WHAT YOU NEED TO DO: Exclude the pictures, then quote exactly the lines from the one holding "Maison individuelle — photo 5" through the last line of the records.

Extracted records:
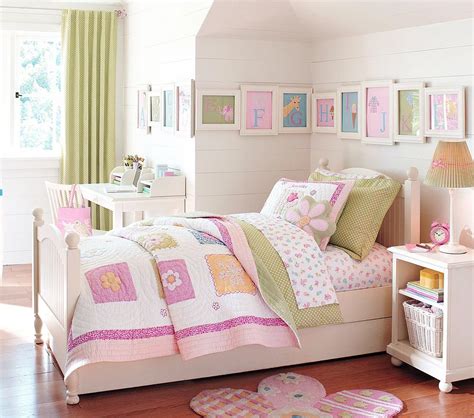 Crate & barrel kids,jcpenney kids furniture pottery barn kids furniture. Pottery Barn Kids Bedding With Fascinating Flannel Design ...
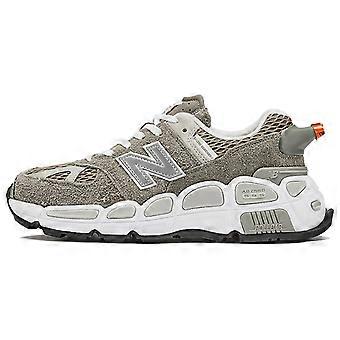 New Balance 574 Yurt Sneakers MS574YSC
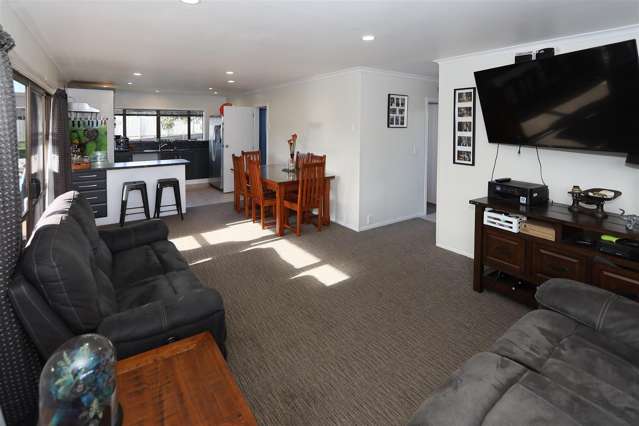 6 Rinaha Place Koutu_3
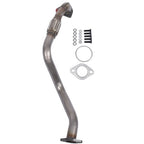 12_34d73e28-22c1-4686-96c9-b6416c2e86ef - Northline Parts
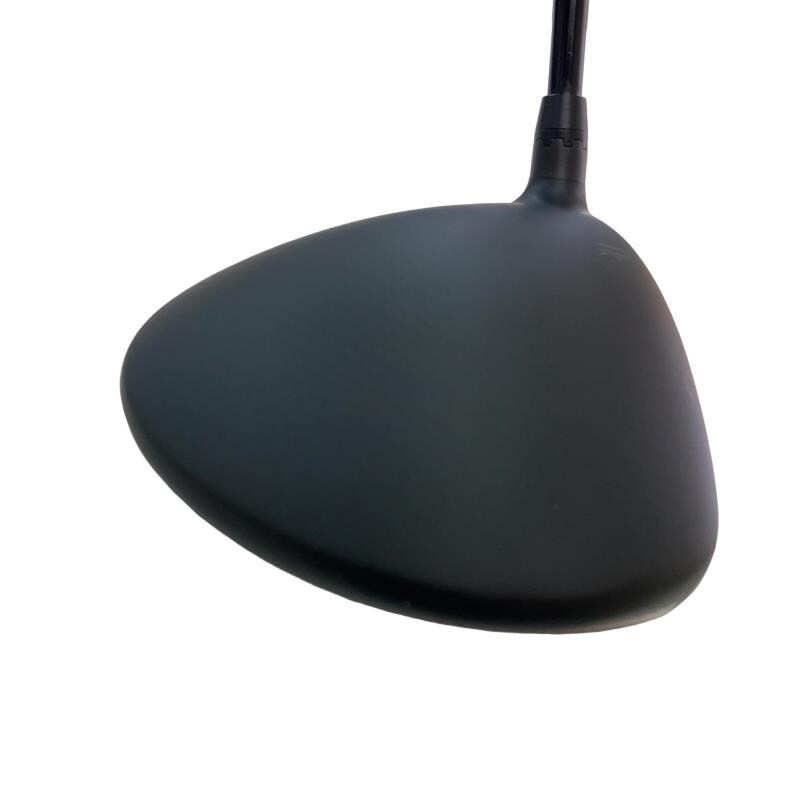 �����������@�c�`�q�j�r�o�d�d�c�@�k�r�@�P�O�D�T°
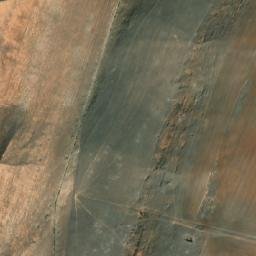 Satellite imagery of Sheoak Hill, AU
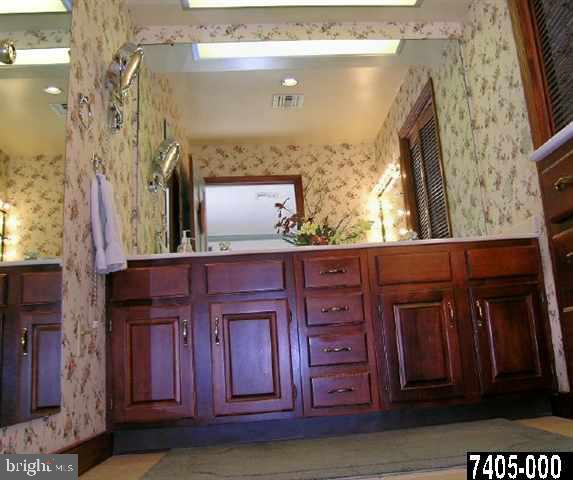 630 Beaver Creek Road Hanover, PA 17331 - Photo 22 of 25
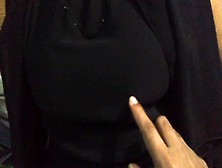 Pakistani Muslim Step Brother Step Sister Fucking - Burqa Hijab
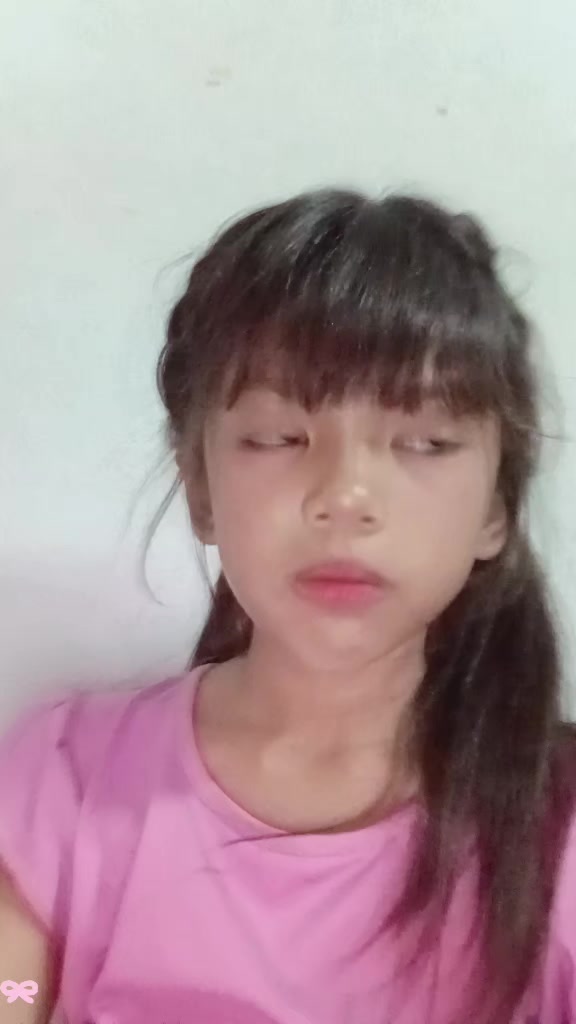 @นลิน🍓🫐🍎🍉🍌🍇🥭🌸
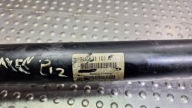 cardan front 7L6521101A VW TOUAREG 7L 5.0 TDI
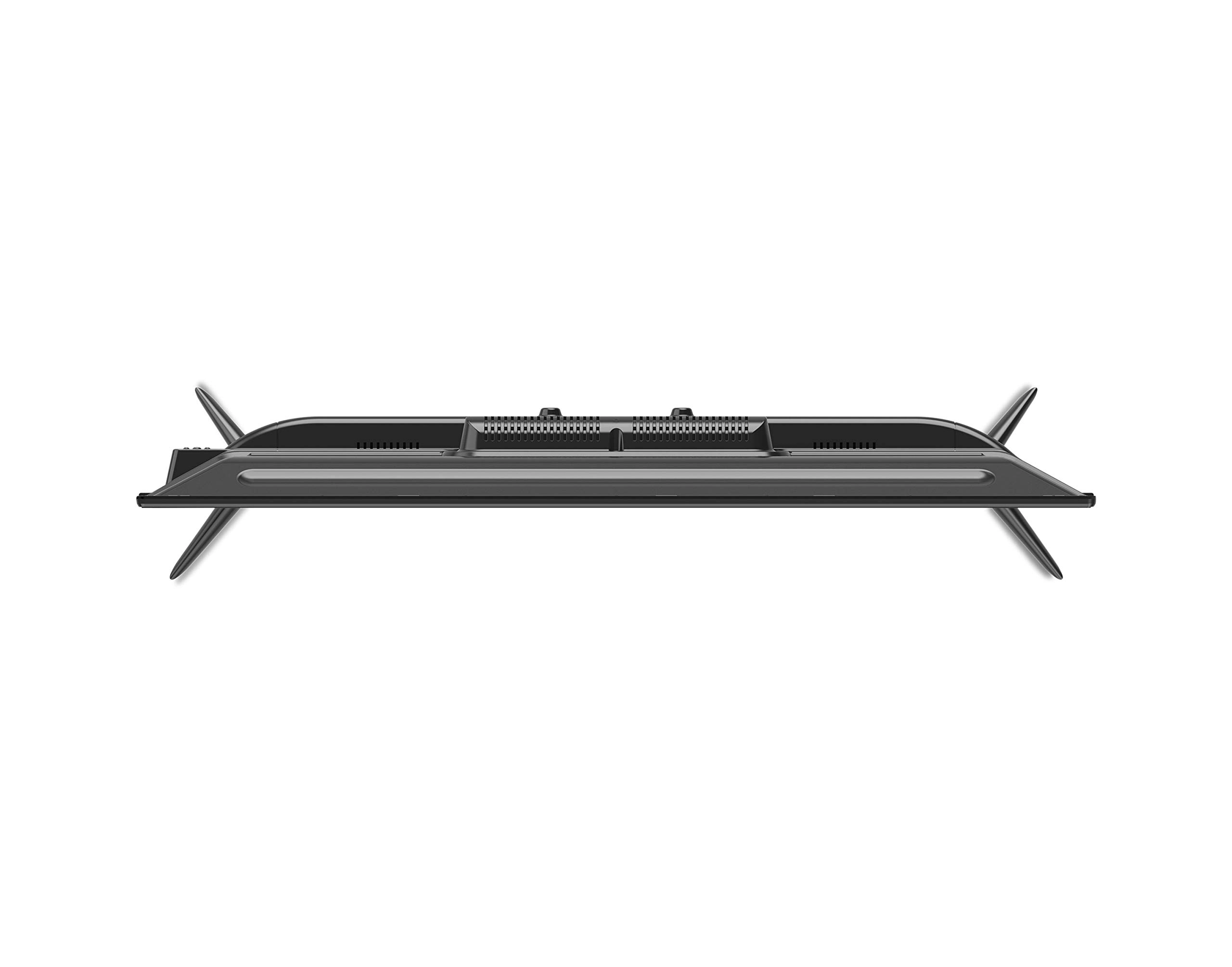 ZBVD0223 - 32 INCH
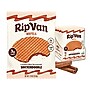 Rip Van Wafels Snickerdoodle Stroopwafels, 1.16 oz., 12 Packs/Box, 12/Box (RVW00377)~#|#~2B5AA5D7-6A4E-442B-9D101BC3BDAB151D_sc7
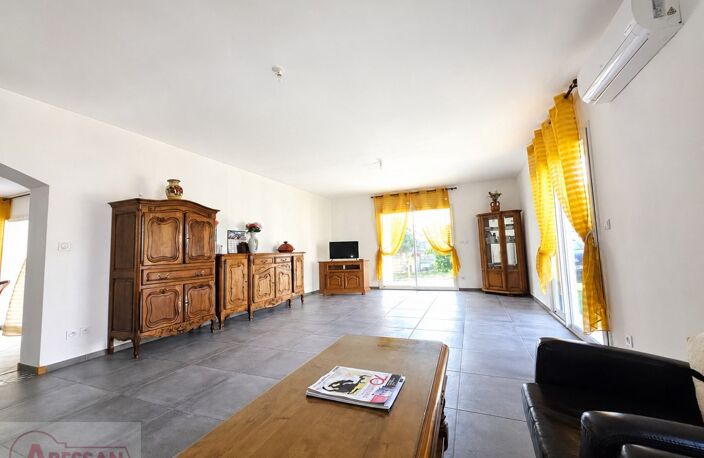 Maison individuelle — photo 5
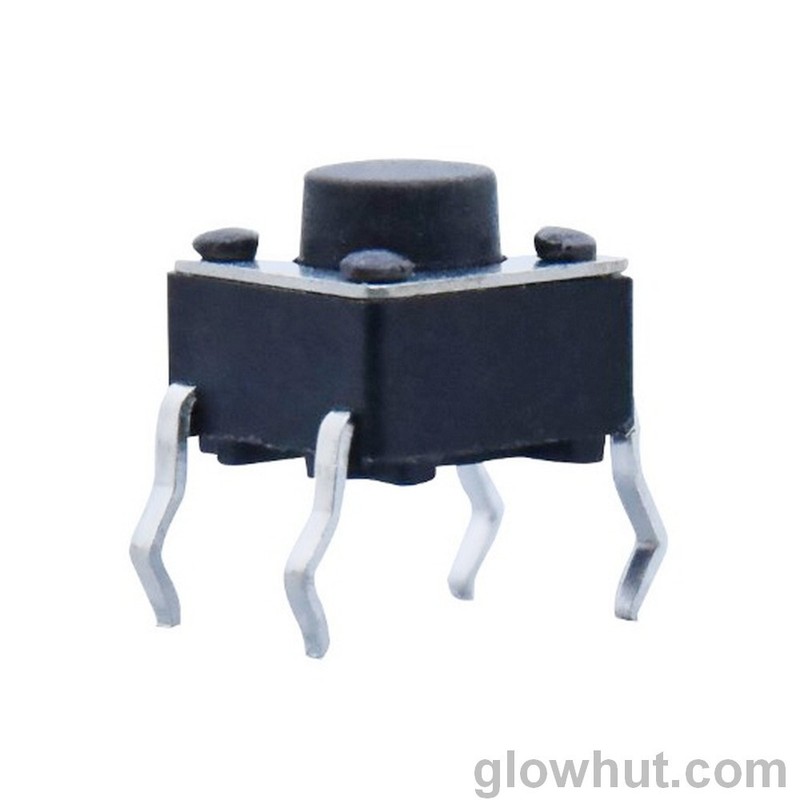 5 9 12 24 v micro tactile button tiny push on off switch stepless rotary dimmer gallery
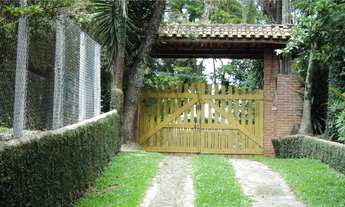 Imagem 5: Chácara residencial à venda, Recanto Verde, Itapevi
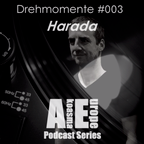 AE Drehmomente #003 - Modart Music Showcase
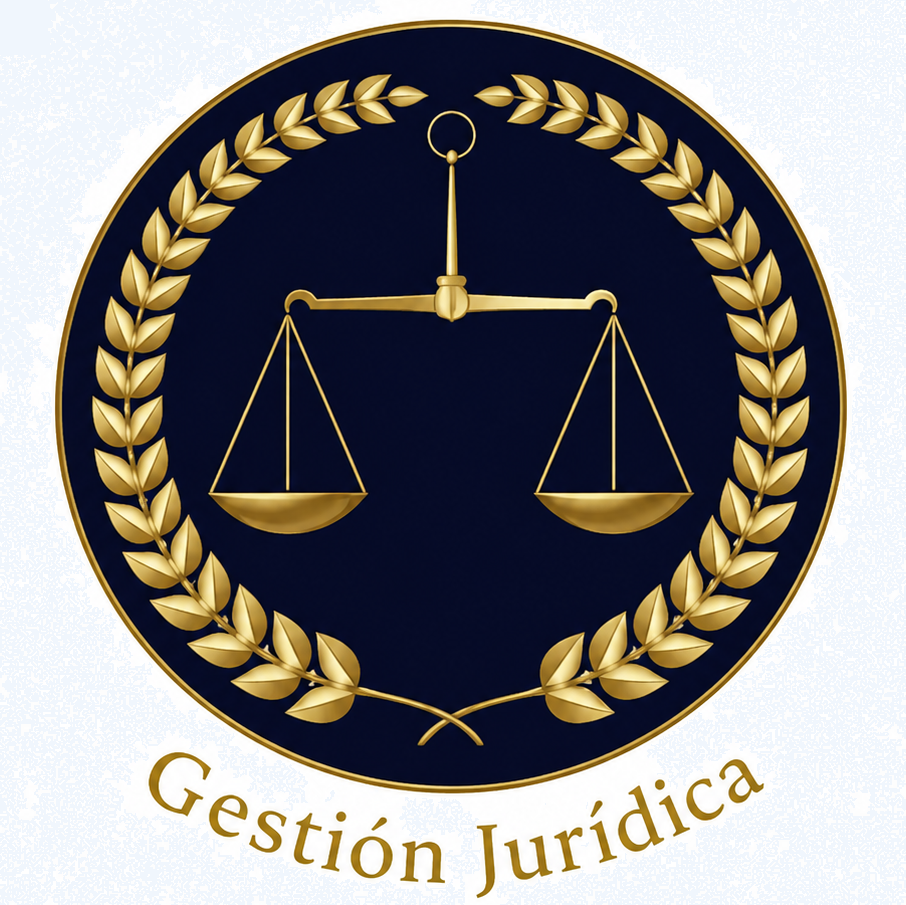 Gestion Juridica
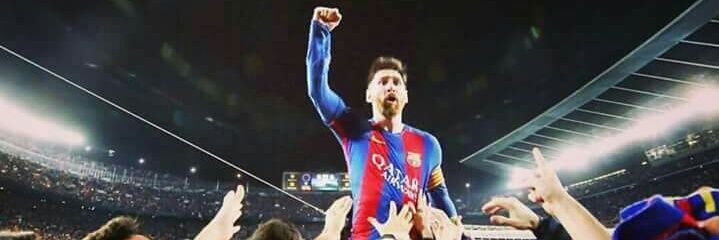 Myriam_9's profile banner image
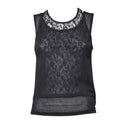Our Legacy Top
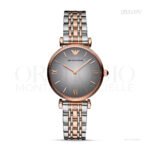 Montre Emporio Armani Gianni AR1725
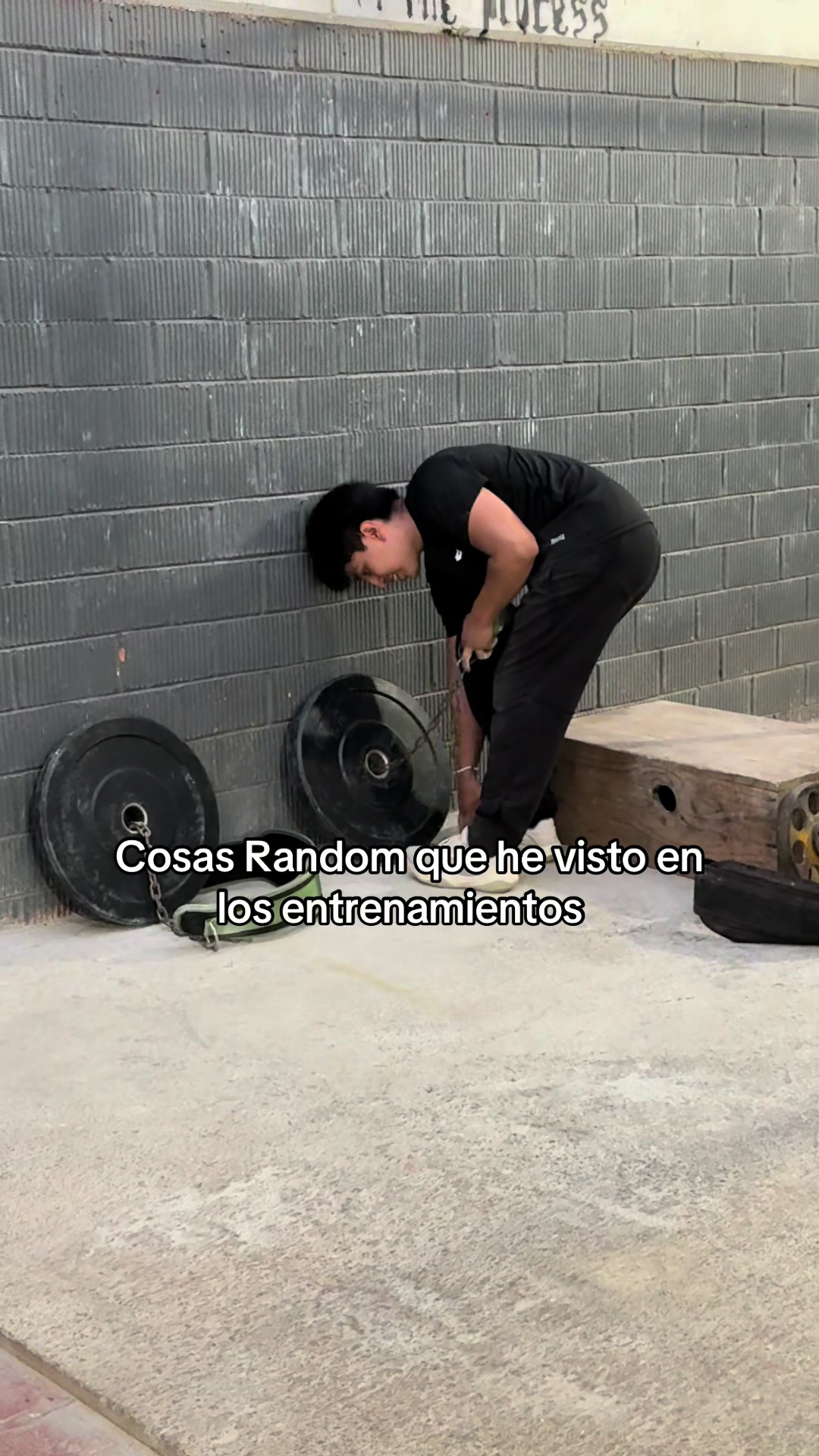 @Vicmorenomx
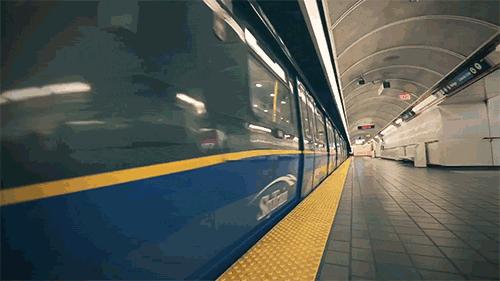 厉害了WORD哥,厉害了word哥视频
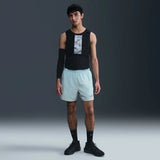 Nike Challenger Flash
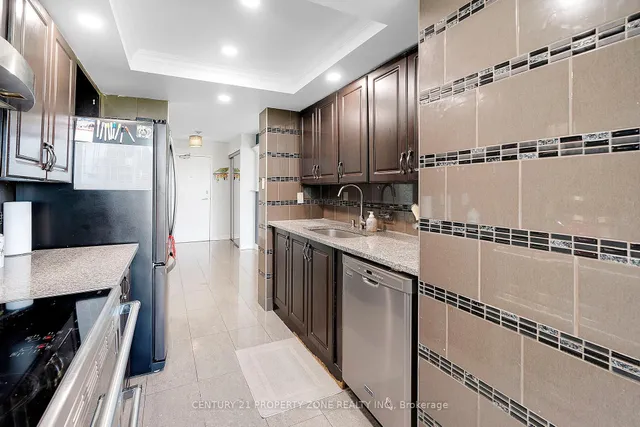 Additional image 10 of 5 Rowntree Rd Unit 1411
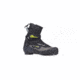 Fischer Offtrack 5 Cross Country Boots, 40, S3501840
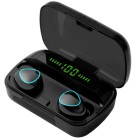 M10 Bluetooth Headphone low price in BD
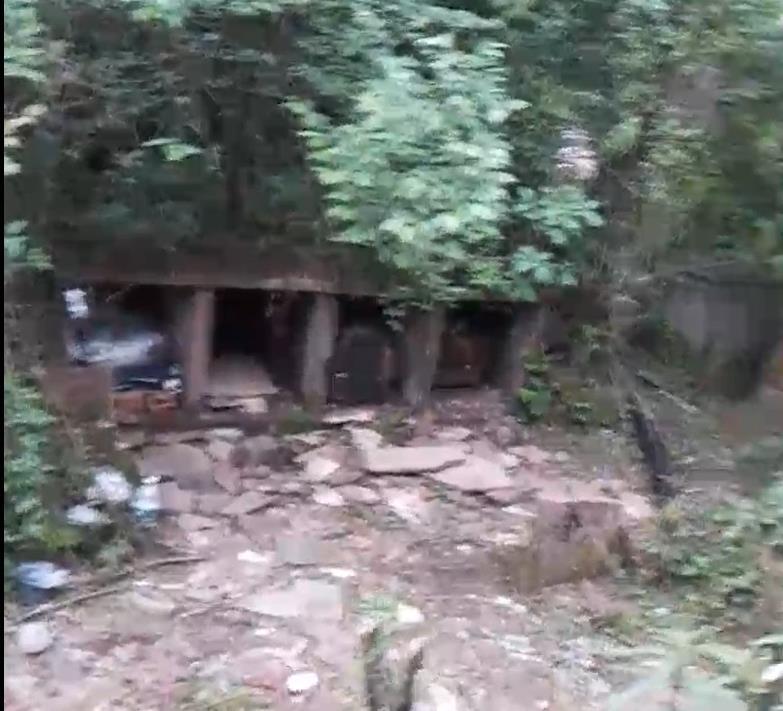 医疗器械 第275页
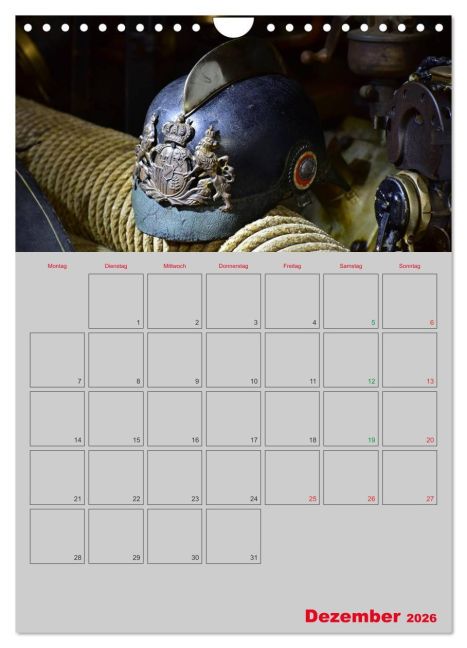 additionalImage4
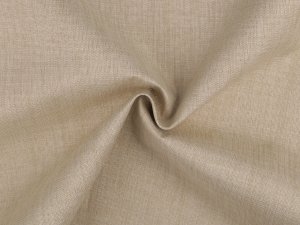 Závěsová látka blackout strukturovaná šíře 280 cm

EXERCISE RESPONSE:
 Maison individuelle — photo 5
 5 9 12 24 v micro tactile button tiny push on off switch stepless rotary dimmer gallery
 Imagem 5: Chácara residencial à venda, Recanto Verde, Itapevi
 AE Drehmomente #003 - Modart Music Showcase
 Gestion Juridica
 Myriam_9's profile banner image
Our Legacy Top
 Montre Emporio Armani Gianni AR1725
 @Vicmorenomx
 厉害了WORD哥,厉害了word哥视频
 Nike Challenger Flash
 Additional image 10 of 5 Rowntree Rd Unit 1411
 Fischer Offtrack 5 Cross Country Boots, 40, S3501840
 M10 Bluetooth Headphone low price in BD
 医疗器械 第275页
 additionalImage4
 Závěsová látka blackout strukturovaná šíře 280 cm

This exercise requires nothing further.